The acquisition of Tom Brown will add about 325 MMcf/d of natural gas production to EnCana’s portfolio, bringing the Canadian producer’s total U.S. gas production to 1 Bcf/d this year. To assure “strong returns” on its acquisition, EnCana said it has hedged volumes equal to the forecasted production from Tom Brown’s U.S. assets at a Nymex equivalent price of about US$5.60/Mcf through 2006.

Noting that the Tom Brown purchase was the first step in a two-step process, EnCana — already considered to be the largest independent oil and gas producer in North America — said it plans to sell US$1 billion-$1.5 billion of Canadian conventional assets in the months ahead.

In another development, Roger Biemans, president of EnCana Oil & Gas (USA) Inc., told a Denver audience last week that it expects to announce an open season in the next few weeks for its fast-track Entrega Pipeline to tap the rapidly-developing Piceance Basin in western Colorado.

He made clear that building a pipeline business was not the main object. But, “as one of the most active producers in the U.S. Rockies, we felt, in times like this, it was necessary to step up and initiate a major infrastructure project. It’s as simple as that. It’s not part of a major marketing strategy.” Biemans said EnCana basically was interested in selling into the wholesale market at the wellhead “if we can.” EnCana first proposed the 1.3 Bcf/d line from the western slope in northern Colorado into Wyoming and ending in the Cheyenne Hub last February to get its steadily increasing production to market (see NGI, March 1). The line would set the gas on track for the Midcontinent and East.
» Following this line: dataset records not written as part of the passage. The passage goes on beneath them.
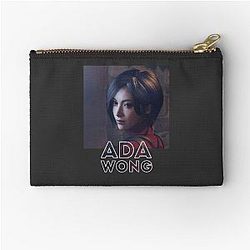 Ada Wong Zipper Pouch
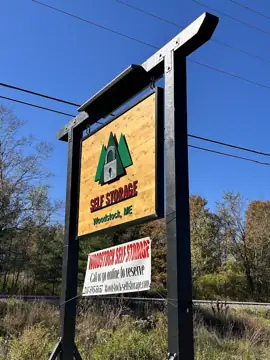 Woodstock Self Storage photo 2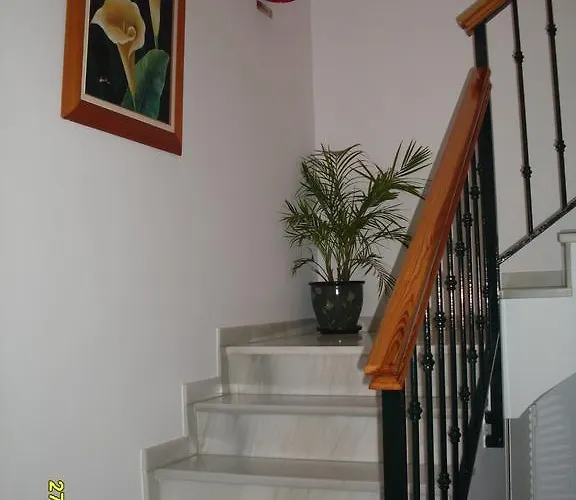 Penzion Andalucia Nerja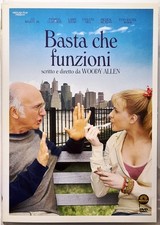 Dvd Basta che funzioni di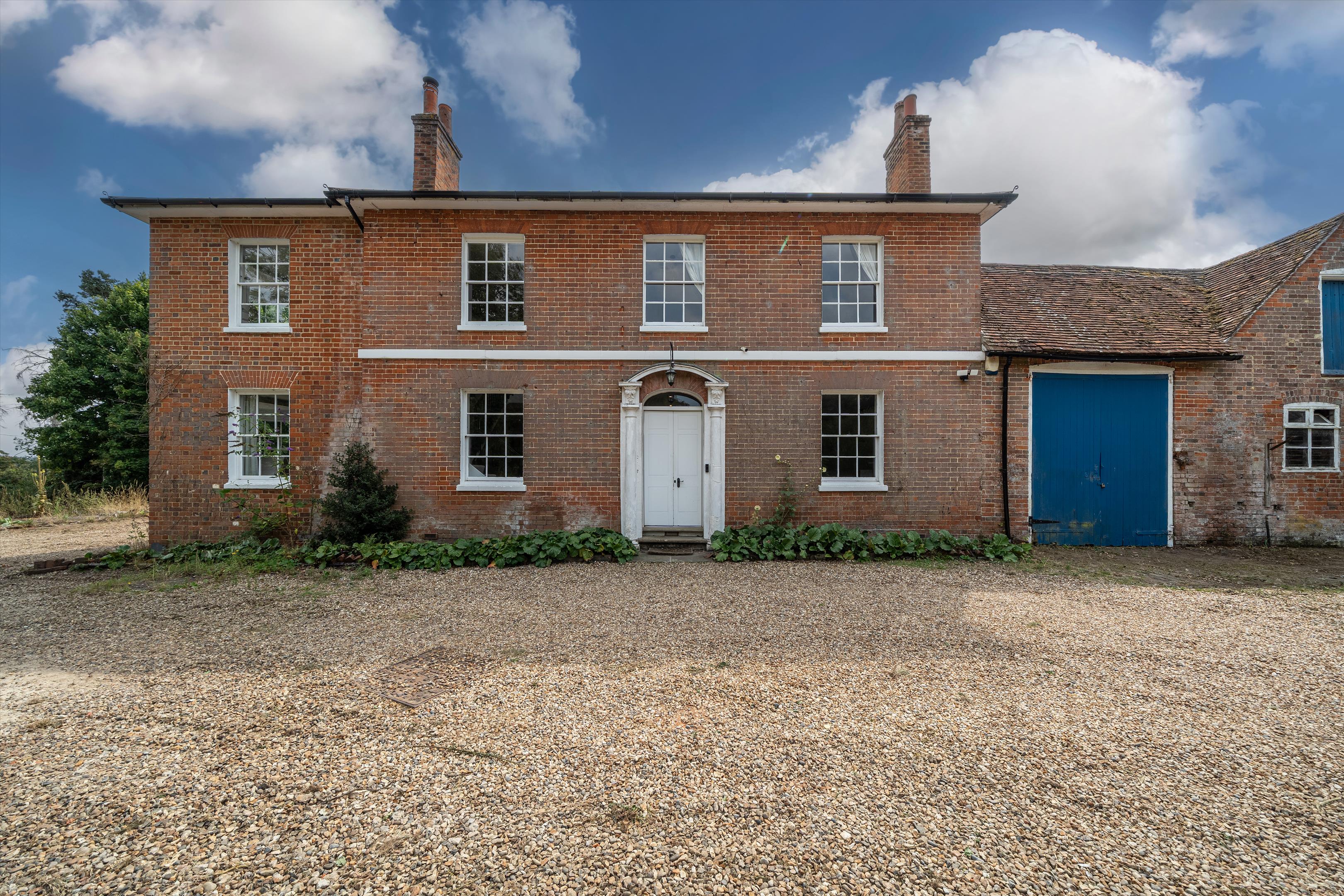 Forest Road, Wokingham, Berkshire, RG40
Questioned after his presentation at GasMart 2004, Biemans carefully skirted the West-to-California versus East-to-Midcontinent debate, saying EnCana believed that “the incremental market is more likely to be better served to the East.” Also, as to whether the gas would be available to fill the 1.3 Bcf/d line, Biemans said it depended on how quickly the Powder River Basin was developed. Judging from permits being issued, “there are very promising signs” of production increases to come that will add to throughput.

Biemans said EnCana’s acquisition of Tom Brown was based on similar quality of assets, a very large land base and huge inventory of drilling locations. EnCana’s focus is on long-lived unconventional resource plays, continually lowering costs and extending the production life through new technology. Its “Resource Play Management System” focuses on “large scale, repeatable manufacturing-style developments.” Along with its growth mantra, EnCana has created a “Constitution,” and is dedicated to a constitutional meritocracy, Biemans said, that builds on strong character and ethical principles, accountability, achievements and teamwork.